● **Data provided**:
*** Block opens ***

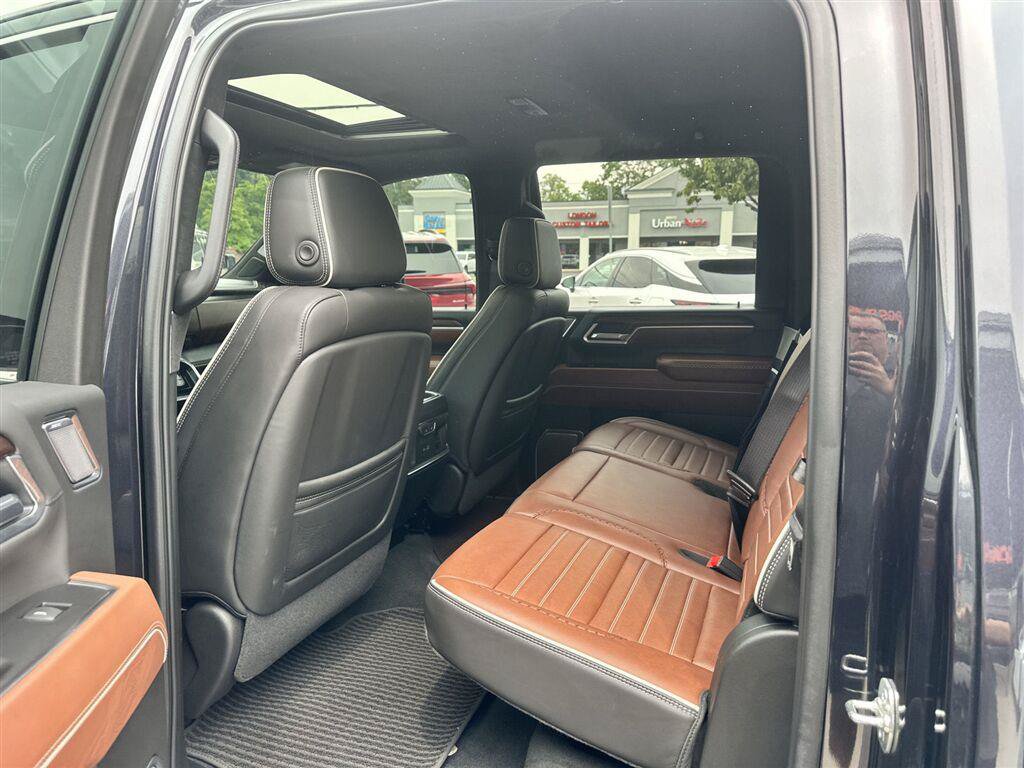 Used 2025 GMC Sierra 3500 Denali Ultimate AWD/4WD image 24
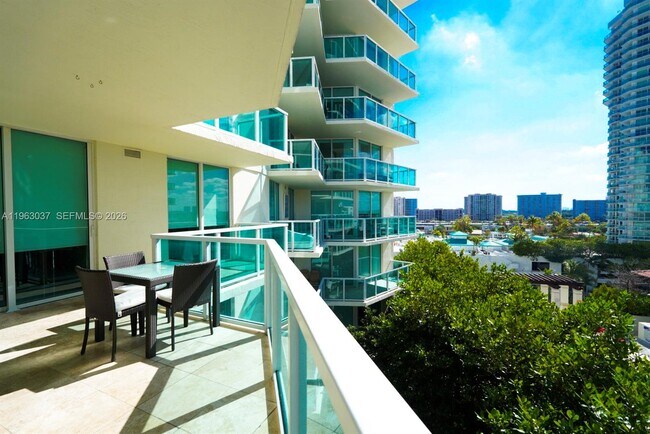 Building Photo - 200 Sunny Isles Blvd
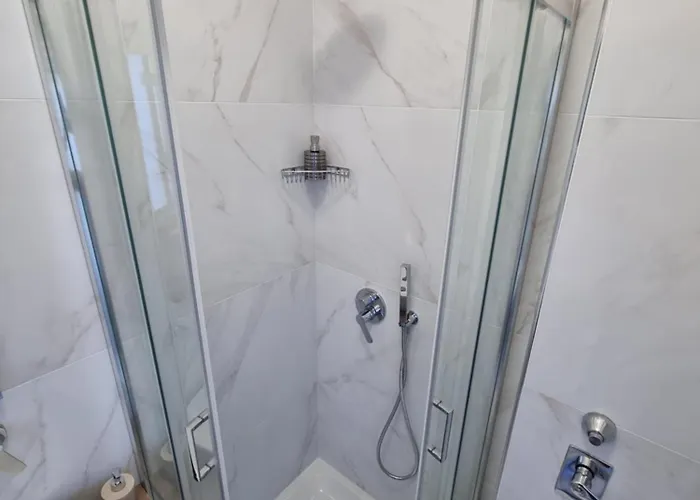 Maragda House Linate - Duomo- San Babila Apartmán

*** Block closes ***

● **Action item**:
Reproduce the entire listing exactly, except for any pictures it contains.

● **Result below**:
 Used 2025 GMC Sierra 3500 Denali Ultimate AWD/4WD image 24
 Building Photo - 200 Sunny Isles Blvd
 Maragda House Linate - Duomo- San Babila Apartmán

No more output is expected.